What this task involves:
Verbatim copy without images: return all of the data as it stands.

Material provided:
- - - - -

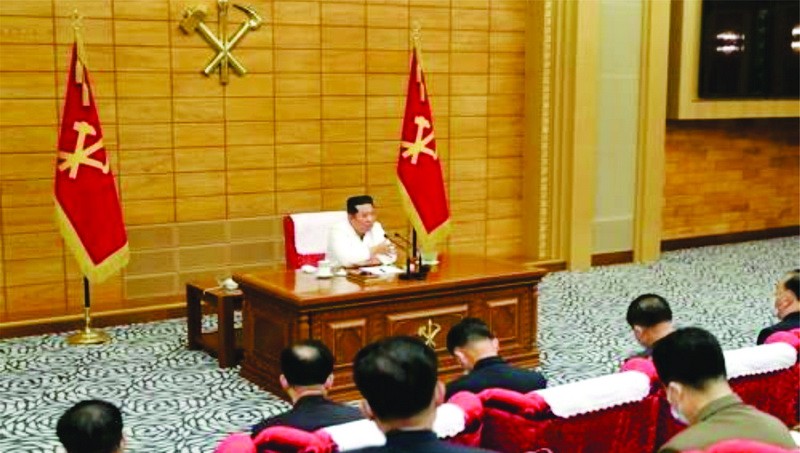 金正恩主持召開政治局協商會議討論防疫問題。
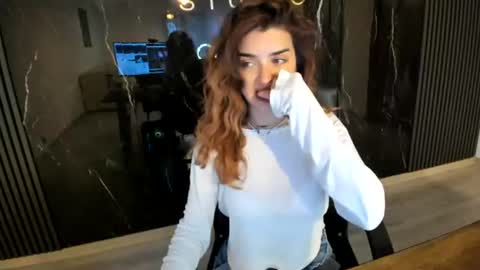 Snapshot of kissmymissy_ chatting on July 24, 2026, 2:15 pm KissMyMissy online show from July 24, 2026, 2:15 pm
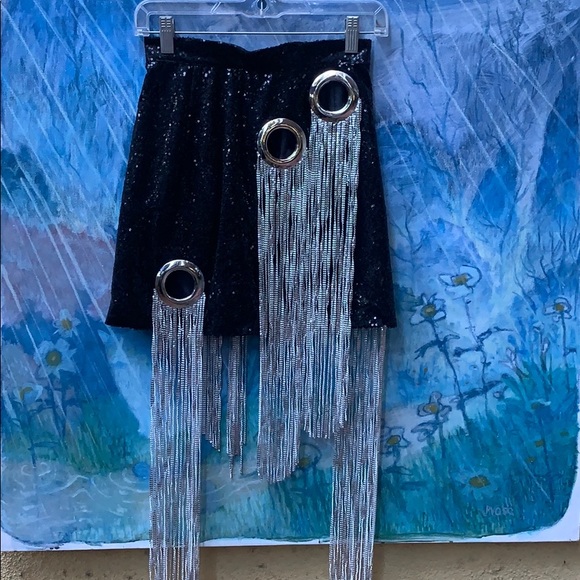 Fascinating edgy skirt by arty designer Germanier - Picture 5 of 8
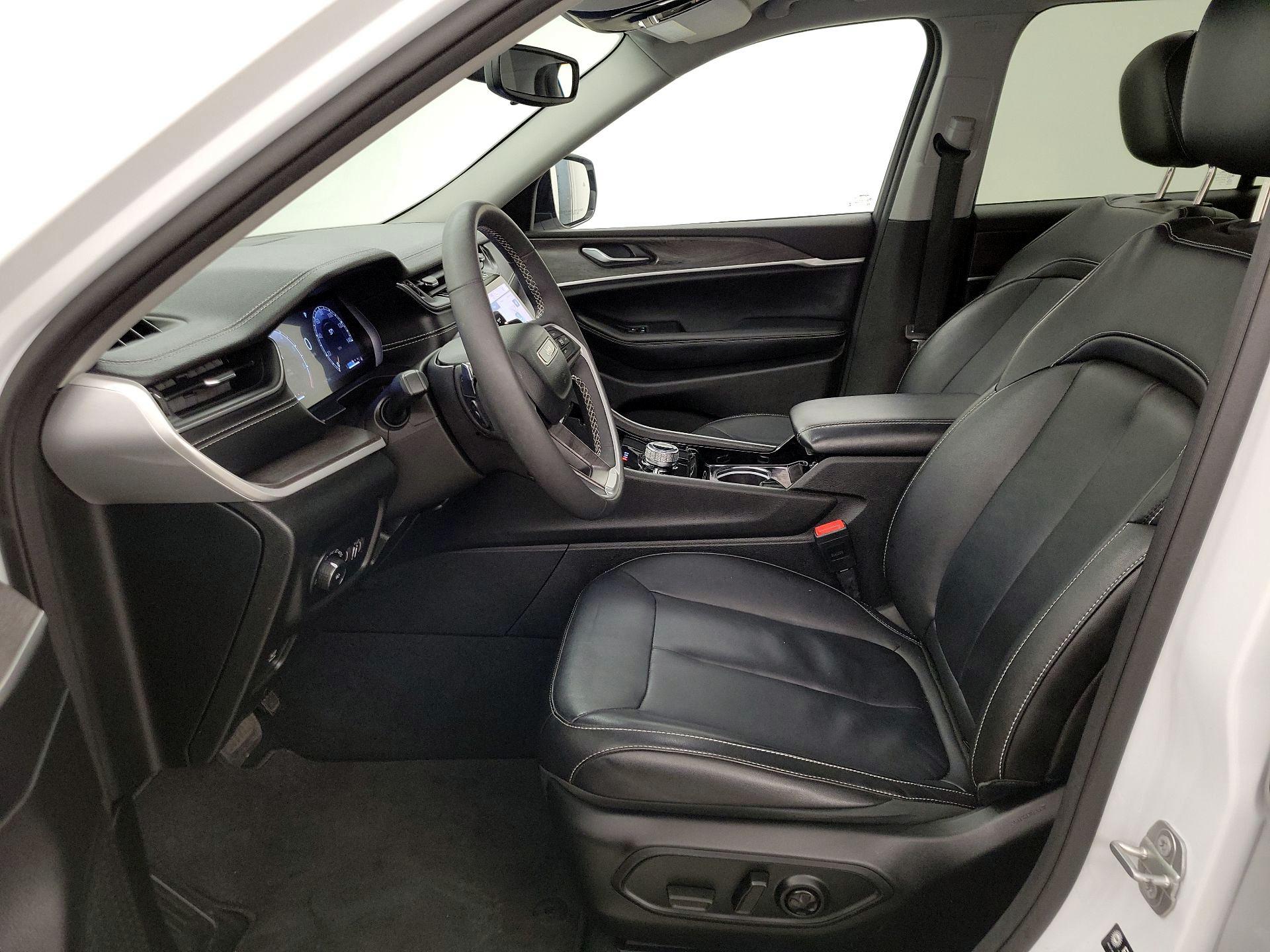 Thumbnail: 2023 Jeep Grand Cherokee - 11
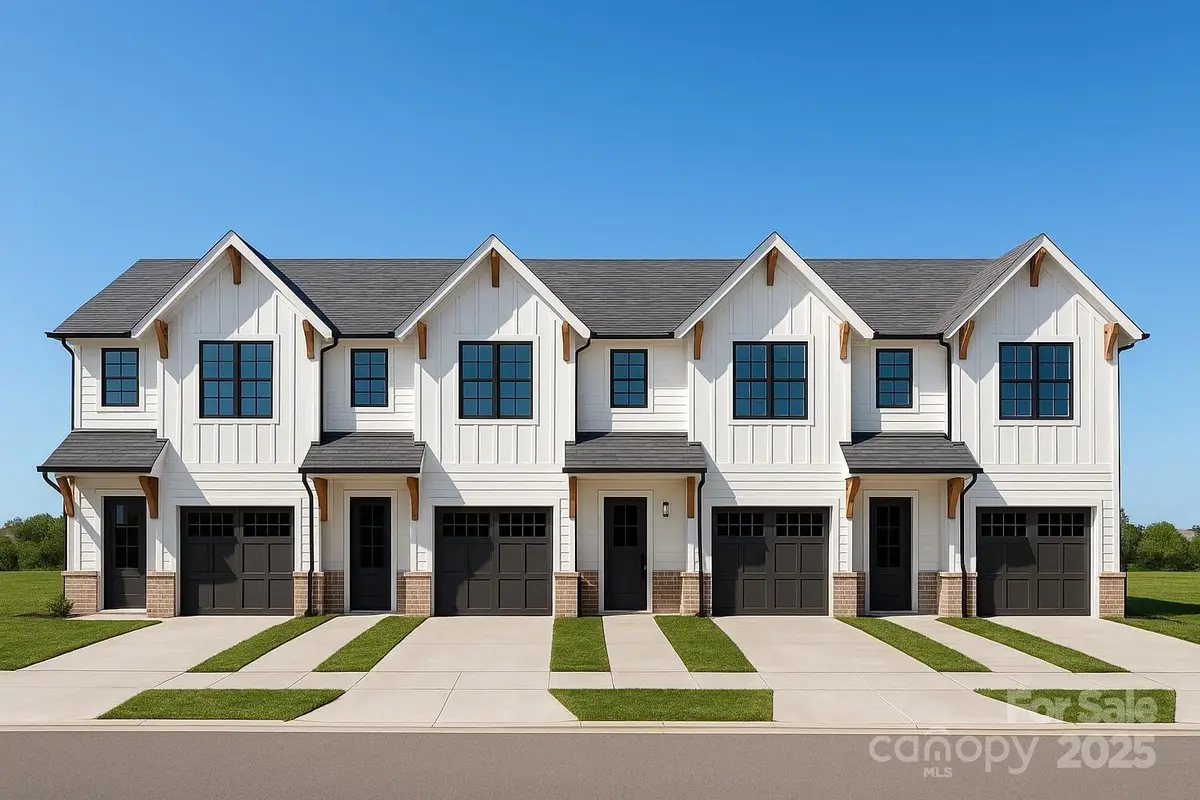 3104 Ridge Avenue, Charlotte, NC 28208 - Image #1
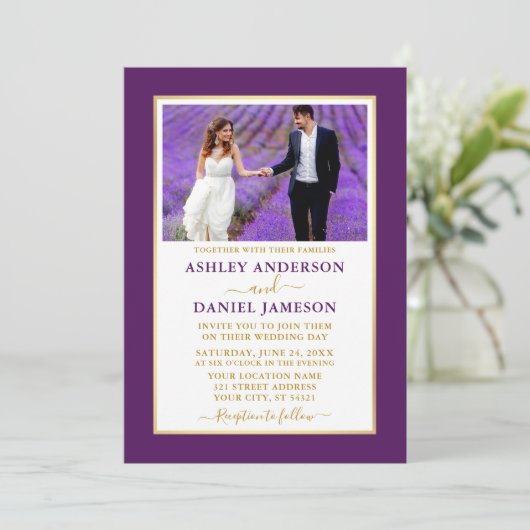 Moderne uitnodiging tot Paarse goudweddenschappen (Staand voorkant)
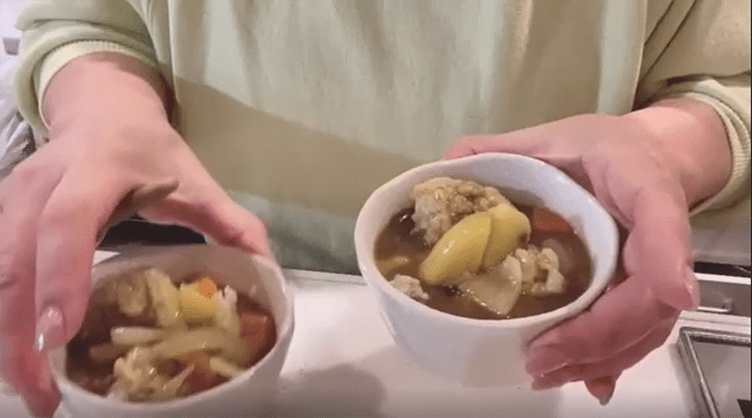 ポトフを味変しながら、最後には冷凍シュウマイをいれてカレーに
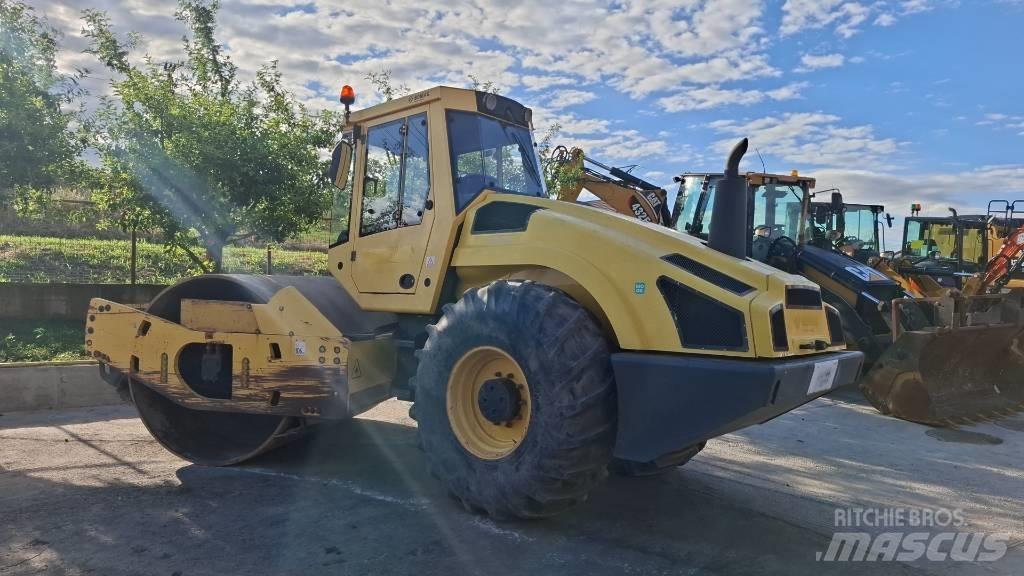 Bomag 213 DH Twin drum rollers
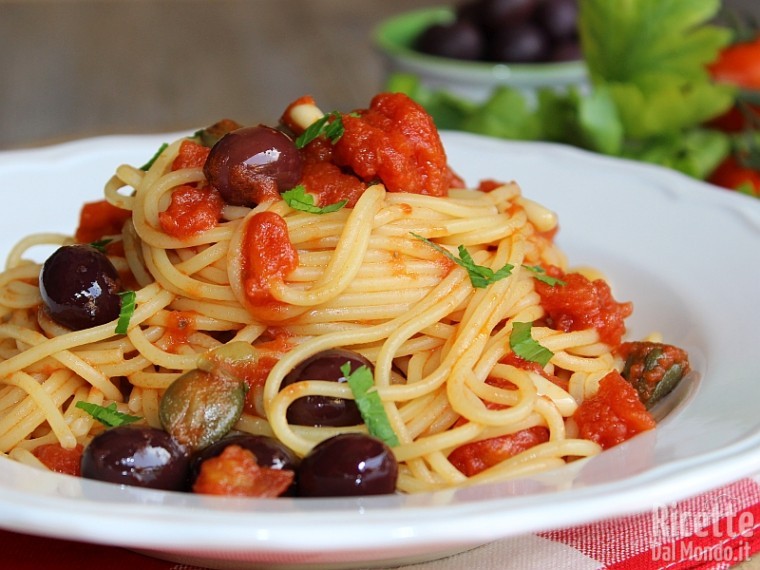Ricetta spaghetti alla puttanesca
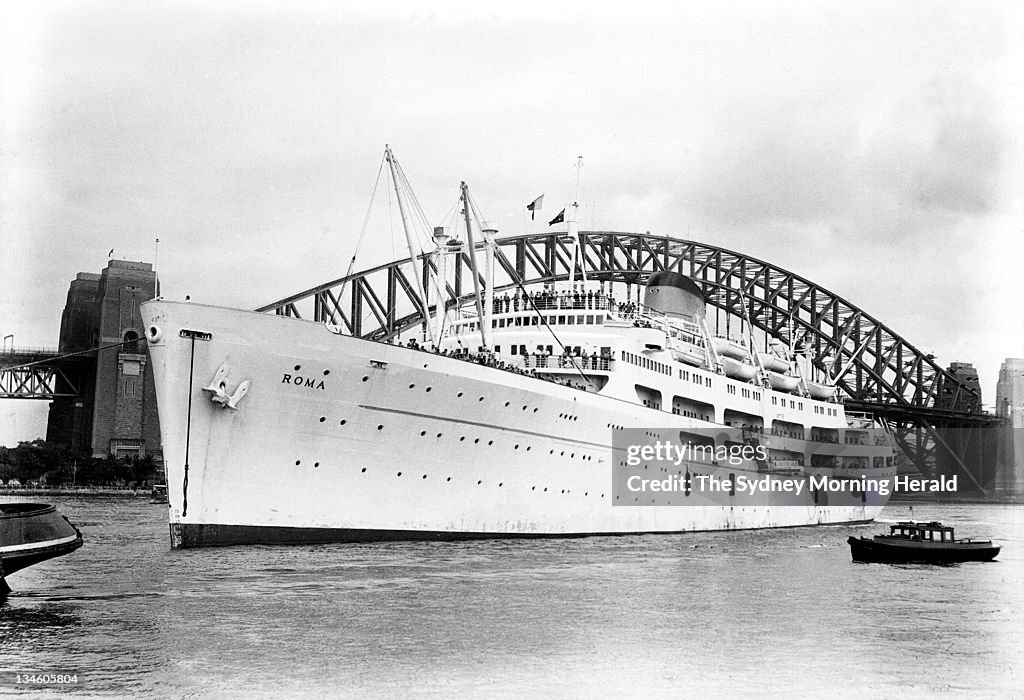 Ss Roma The Italian ship, S.S. Roma, docks in Sydney Harbour, 7 January 1953 ...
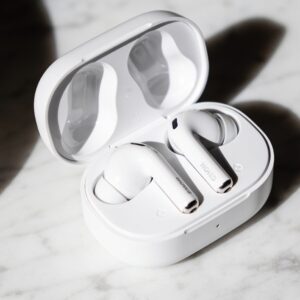 Apple AirPods 3 בתוך נרתיק הטעינה הפתוח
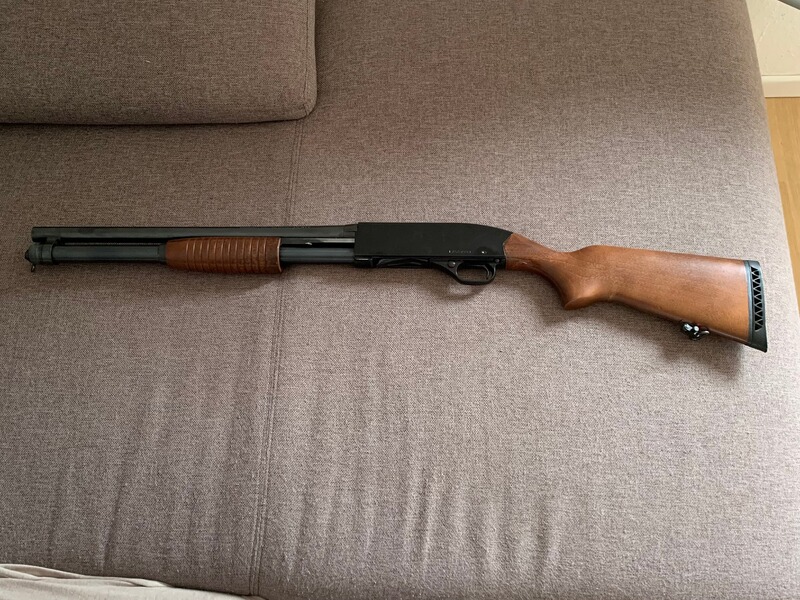 Vorderschaftrepitierer Winchester Defender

- - - - -

Finished task:
 金正恩主持召開政治局協商會議討論防疫問題。
 Snapshot of kissmymissy_ chatting on July 24, 2026, 2:15 pm KissMyMissy online show from July 24, 2026, 2:15 pm
 Fascinating edgy skirt by arty designer Germanier - Picture 5 of 8
 Thumbnail: 2023 Jeep Grand Cherokee - 11
 3104 Ridge Avenue, Charlotte, NC 28208 - Image #1
 Moderne uitnodiging tot Paarse goudweddenschappen (Staand voorkant)
 ポトフを味変しながら、最後には冷凍シュウマイをいれてカレーに
 Bomag 213 DH Twin drum rollers
Ricetta spaghetti alla puttanesca
 Ss Roma The Italian ship, S.S. Roma, docks in Sydney Harbour, 7 January 1953 ...
 Apple AirPods 3 בתוך נרתיק הטעינה הפתוח
 Vorderschaftrepitierer Winchester Defender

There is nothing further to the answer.